Power-off delay protection circuit and device

Technical Field

The invention relates to the technical field of electronic circuits, in particular to a power-off delay protection circuit and a power-off delay protection device.

Background

The vehicle controller typically needs to save some of the data to the controller's data storage unit before powering down for recall the next time the controller is powered on. Therefore, after the user turns off the power switch of the controller, the controller cannot be powered off immediately, and the controller needs to continue to supply power for a period of time, so that the data is completely stored in the storage unit of the controller.
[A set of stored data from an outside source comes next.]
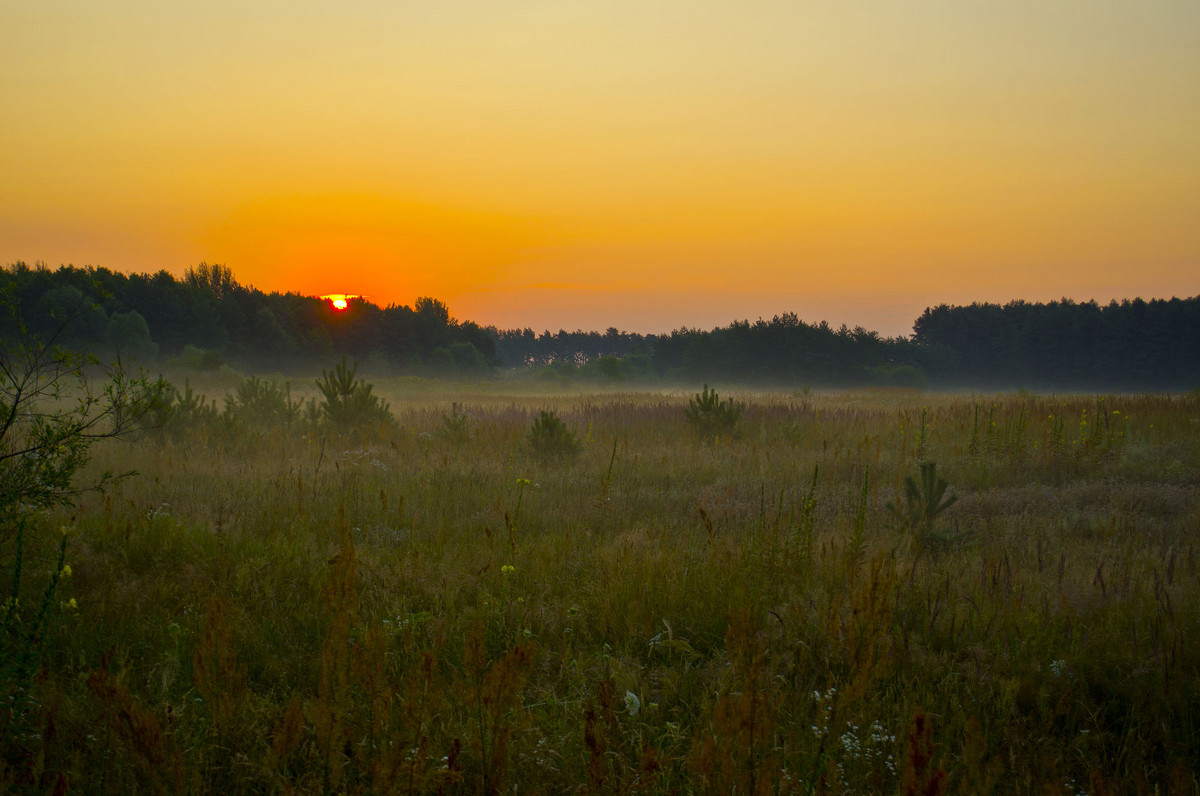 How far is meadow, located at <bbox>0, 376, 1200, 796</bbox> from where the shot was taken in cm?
195

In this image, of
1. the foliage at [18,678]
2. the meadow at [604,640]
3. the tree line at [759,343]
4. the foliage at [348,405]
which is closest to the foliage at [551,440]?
the meadow at [604,640]

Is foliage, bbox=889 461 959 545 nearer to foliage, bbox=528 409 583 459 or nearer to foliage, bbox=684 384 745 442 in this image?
foliage, bbox=528 409 583 459

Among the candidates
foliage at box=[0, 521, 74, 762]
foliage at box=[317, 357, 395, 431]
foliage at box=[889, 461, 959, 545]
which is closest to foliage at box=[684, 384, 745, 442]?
foliage at box=[317, 357, 395, 431]

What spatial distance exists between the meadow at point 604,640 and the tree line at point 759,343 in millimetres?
50040

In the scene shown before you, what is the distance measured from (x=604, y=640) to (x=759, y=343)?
71778 mm

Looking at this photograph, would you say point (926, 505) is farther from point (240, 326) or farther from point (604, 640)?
point (240, 326)

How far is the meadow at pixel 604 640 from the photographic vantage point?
1.95m

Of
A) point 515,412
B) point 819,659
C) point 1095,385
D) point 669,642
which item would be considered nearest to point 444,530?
point 669,642

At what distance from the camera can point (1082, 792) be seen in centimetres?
239

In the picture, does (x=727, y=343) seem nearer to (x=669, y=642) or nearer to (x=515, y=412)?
(x=515, y=412)

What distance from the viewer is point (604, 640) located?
355 centimetres

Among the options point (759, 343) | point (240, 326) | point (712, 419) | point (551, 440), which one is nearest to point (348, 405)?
point (551, 440)

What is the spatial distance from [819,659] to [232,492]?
5885 mm

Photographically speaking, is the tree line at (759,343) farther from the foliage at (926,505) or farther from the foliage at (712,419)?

The current mode for controlling the delayed power-off of the vehicle controller is that a trigger signal of a trigger end is detected through a main control chip, if the level of the trigger signal of the trigger end is lower than a threshold value, the main control chip outputs a switch signal after delaying for a certain time so as to disconnect a channel between the controller and a power supply end and realize the power-off operation of the delayed controller.

However, when the main control chip cannot output a switching signal for disconnecting the path between the controller and the power supply terminal due to software or hardware problems, the controller cannot be powered off, and then the storage battery is exhausted, and the vehicle cannot be started again.

Disclosure of Invention

The invention provides a power-off delay protection circuit and a power-off delay protection device, which are used for solving the problem that a controller cannot be powered off when a main control chip is used for controlling delay power-off in the prior art.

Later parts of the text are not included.